Mirror, Mirror on the Wall: The Rise of the Selfie Generation
We all know the Greek myth of Narcissus — the attractive man who was lured by Nemesis to a pool. Narcissus, fatally falling in love with his own reflection, drowned. But what would a 21st-century Narcissus myth involve? I suspect it would include a smartphone, selfies, and crossing the street without looking.
First used in 2002, the word “selfie” earned its place in the history books when it was officially added to the Merriam-Webster dictionary in 2014. They define a selfie as:
“an image of oneself taken by oneself using a digital camera especially for posting on social networks”
Although selfies became ubiquitous during the latter part of the last decade, self-portraiture has a much longer history, even dating as far back as Ancient Egypt. However, it was not until the mid-15th century that this style grew in popularity. This was aided by mirrors improving in quality and becoming more affordable, as well as the rise of artists using self-portraiture as a marketing tool to display their artistic talent.
However, selfies and self-portraiture differ on several fronts. Firstly, selfies are by design “throw away” pieces. They’re not hung on a wall, they’re posted on a wall — a Facebook wall. Secondly, self-portraiture highlights the talent of the artist, whereas selfies, more often than not, highlight one’s lack of artistic talent. And lastly, selfies frequently celebrate the ordinary, the inconsequential, and the mundane. For millennials, the question isn’t “Does this moment warrant a selfie?” but “How long has it been since I last posted one?” Selfies have become an online heartbeat — a beacon of activity that isn’t given a second thought.
But Christians are called to live wisely (Ephesians 5:15). We are those who do give things “a second thought.” So does the Bible say anything to help us in the midst of the selfie generation?
Let me begin by stating something clearly: the Bible does not forbid the taking of selfies. I have taken (and do take) the occasional selfie. But depending on the setting, and their frequency, selfies can be a lens that reveal a lack of wisdom or serious underlying sin.

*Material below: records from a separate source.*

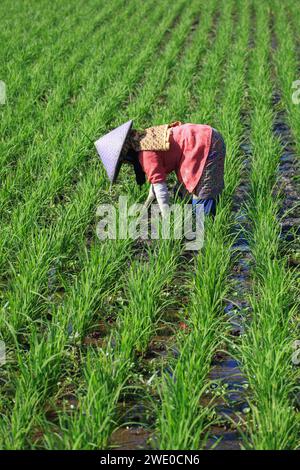 Farming land in Soreang near Ciwidey in West Java, Indonesia Stock Photo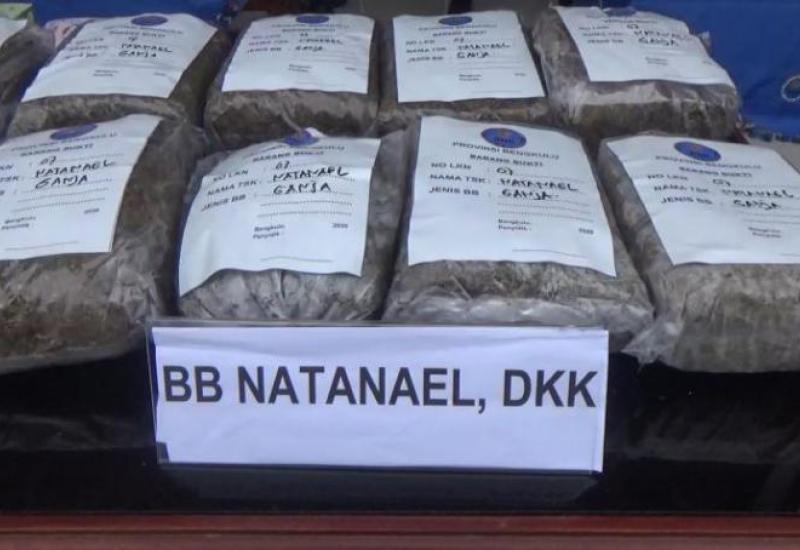 BNNP Bengkulu Musnahkan 20Kg Ganja Hasil Tangkapan Desember 2020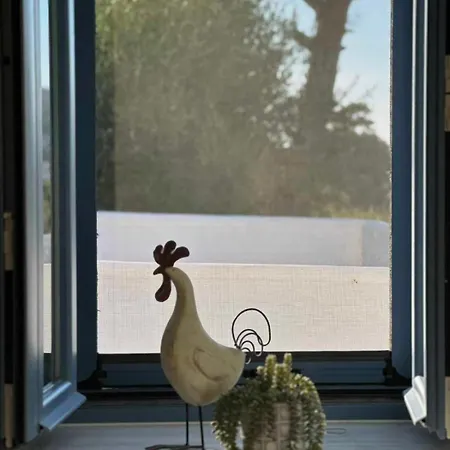 το σπιτάκι To Spitaki τhe Little House בית נופש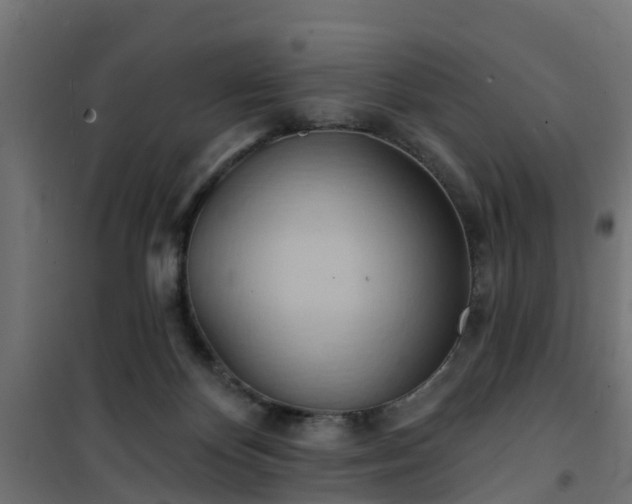 X0000101210124200807071348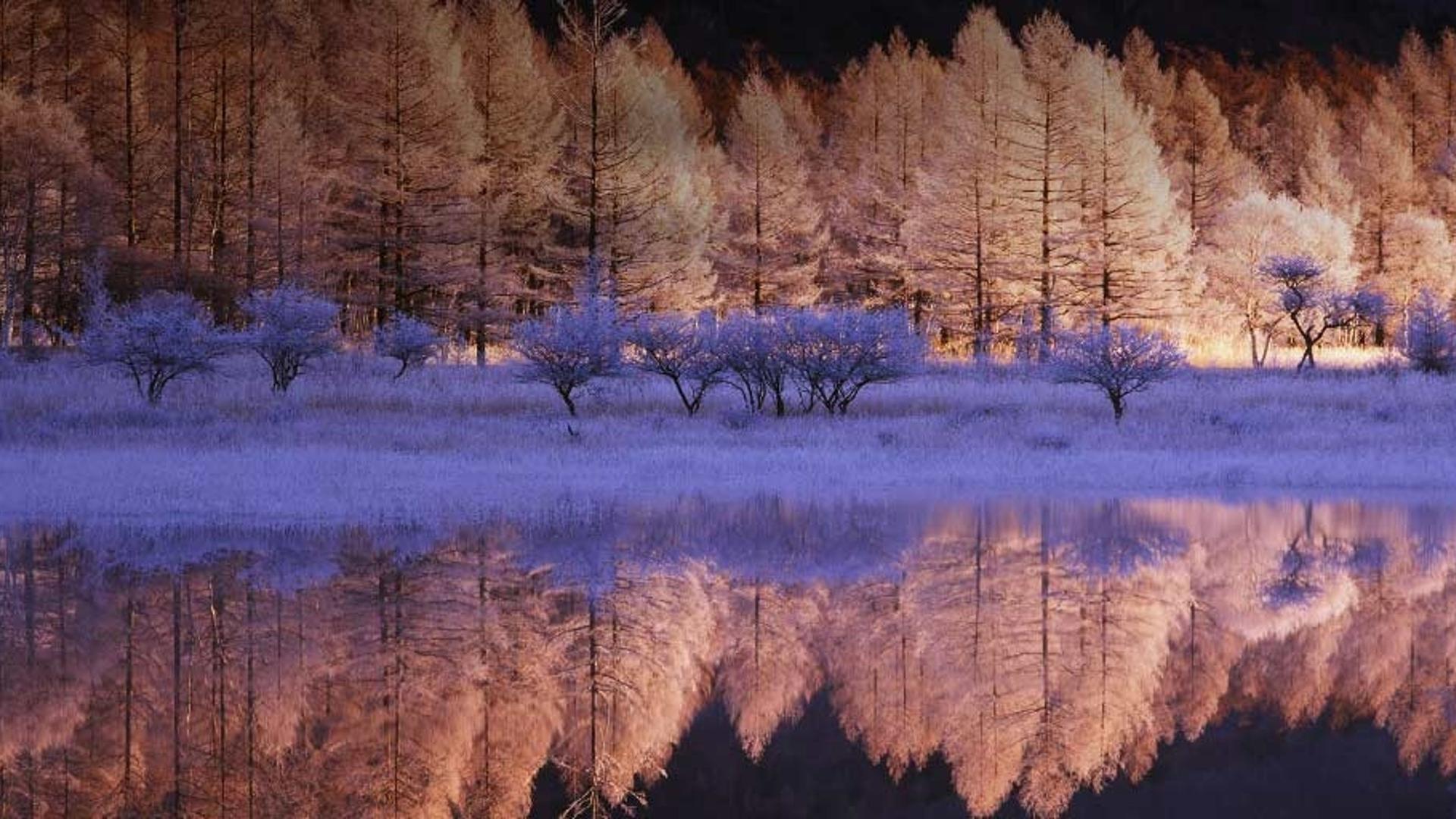 日本关东的落叶松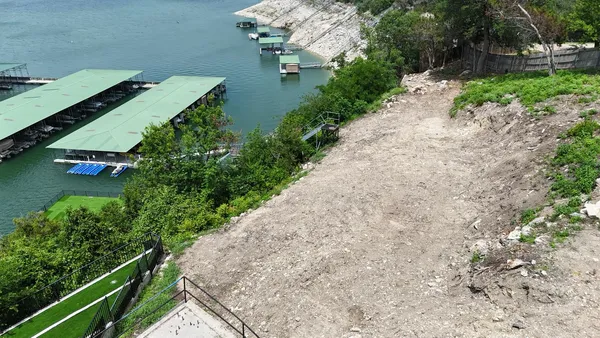 a view of a backyard with plants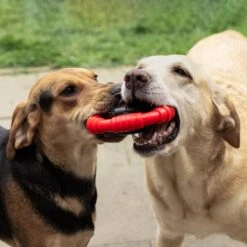 Kauwbot Stuurwiel 2.0 Extra Sterk Melk Geur Smaak En Piep Honden Speelgoed - Kauwspeelgoed Bot Hond - Dutchwide -Honden Benodigdheden Verkoop 1200x1200 2099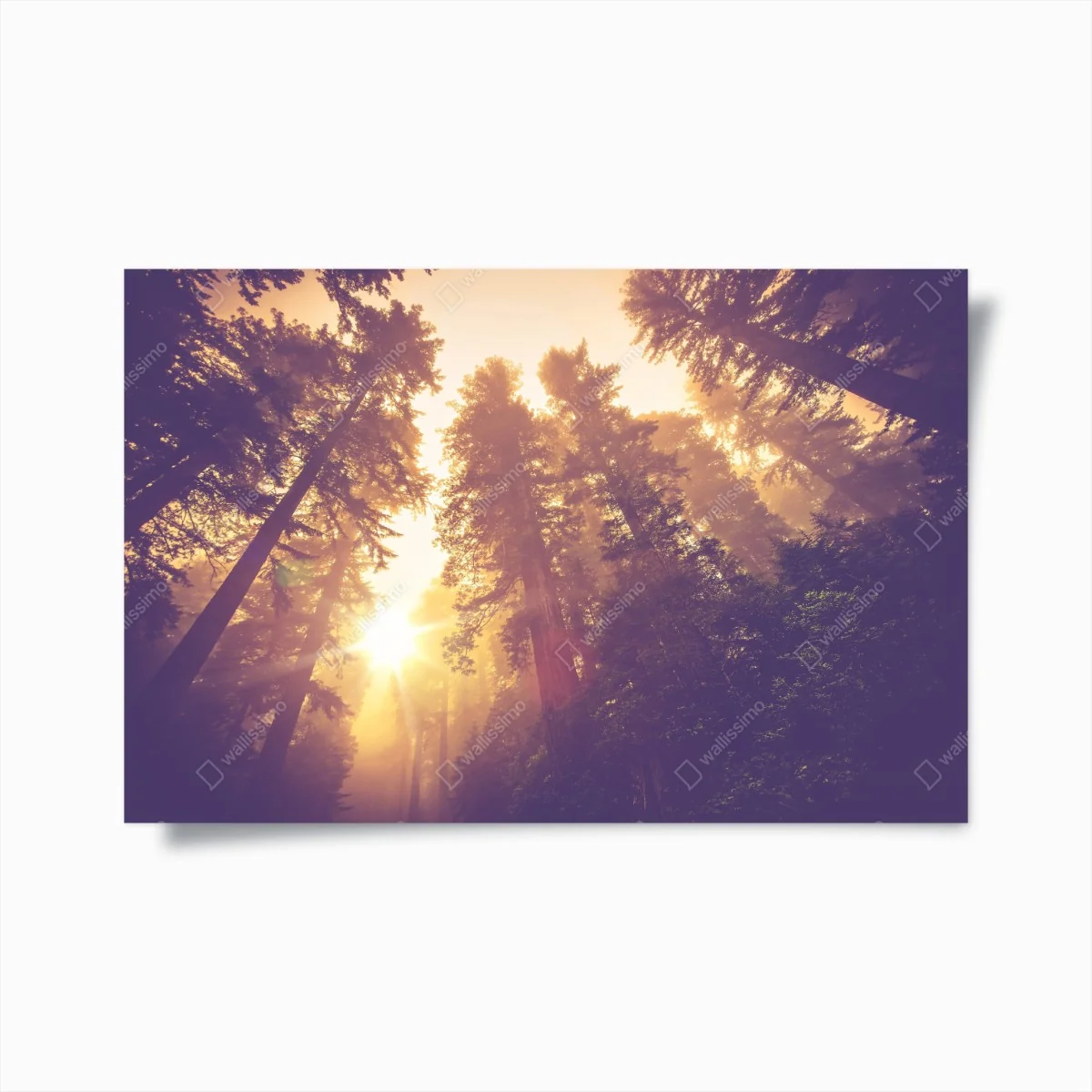 Poster nebeliger mamutbaumwald im goldenen vintagelicht – Wallnifity® Poster nebeliger mamutbaumwald im goldenen vintagelicht – Wallnifity®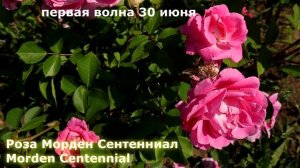ТОП 3 - самых покупаемых канадских роз. Перезимуют в любом регионе, даже без укрытия.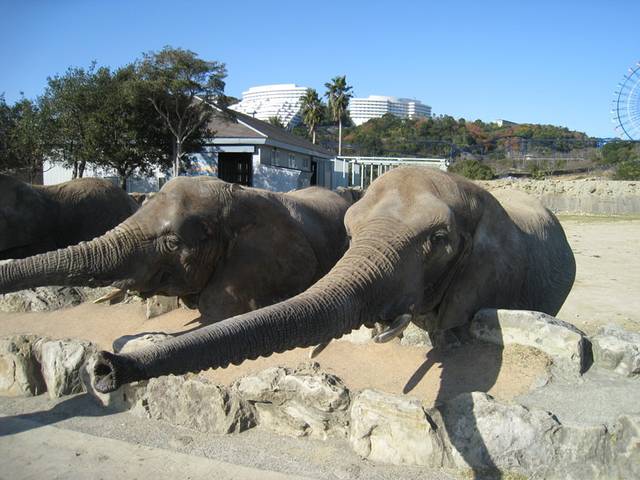 南紀白浜アドベンチャーワールド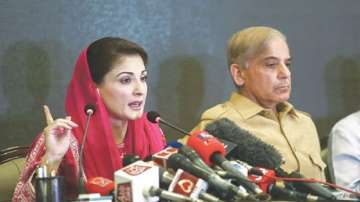 Maryam Nawaz, Maryam Nawaz leaked audio, Maryam Nawaz son in law, Maryam Nawaz Shehbaz Sharif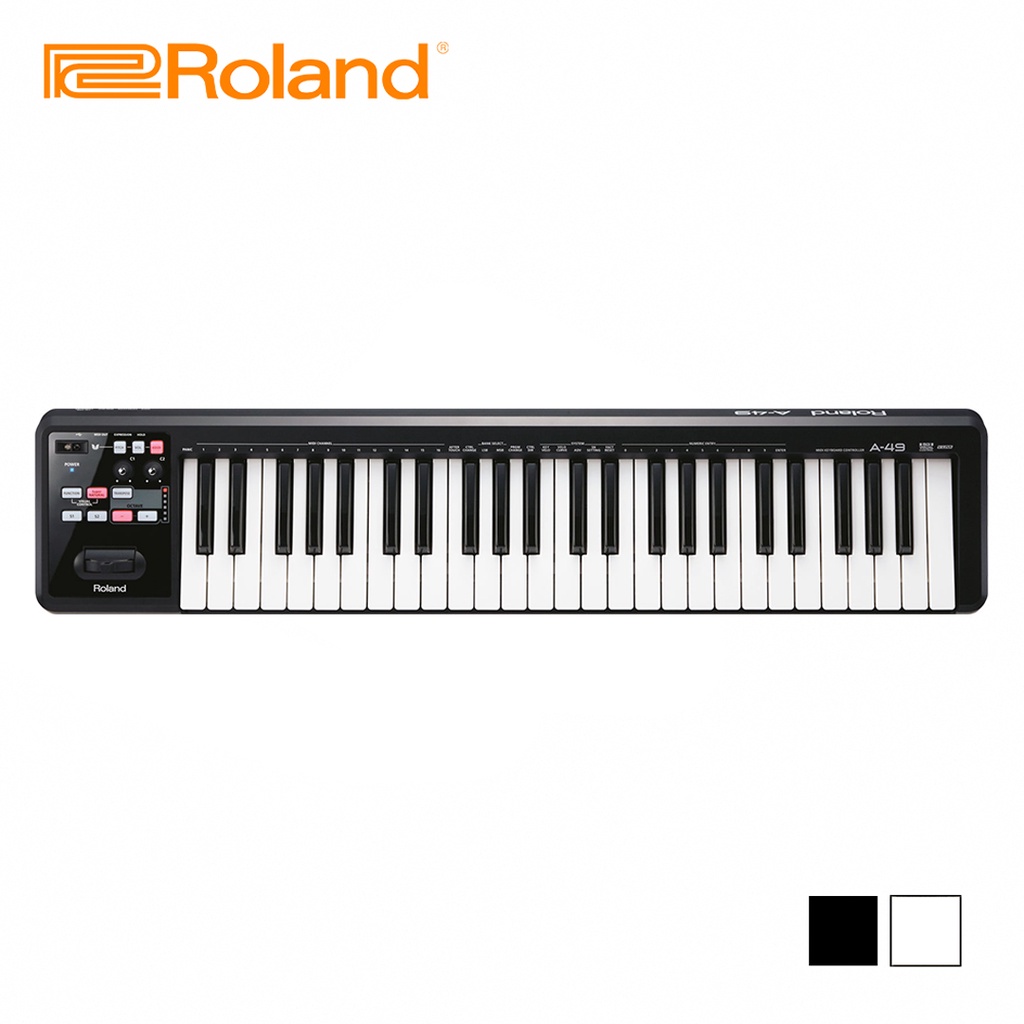 Roland A49 MIDI 49鍵主控鍵盤 兩色款【敦煌樂器】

Imagine a modern day crime show. The investigating team has their eye on a suspect and receive the appropriate warrant to search the suspect’s premises. Upon opening the door to his apartment, they find themselves standing in the middle of a very eerie scene. Every wall is covered, from floor to ceiling, with small, square photographs. After a closer inspection they notice a common theme: the subject of every photograph is their suspect. In fact, they’re selfies. What would be your first impression of that man? Is he psychotic? Self-obsessed? Narcissistic? Clearly you’d recognize something wasn’t right. Yet, there’s often very little difference between what was found on that man’s walls and what we would find if we browsed the Instagram feed of many Christians today.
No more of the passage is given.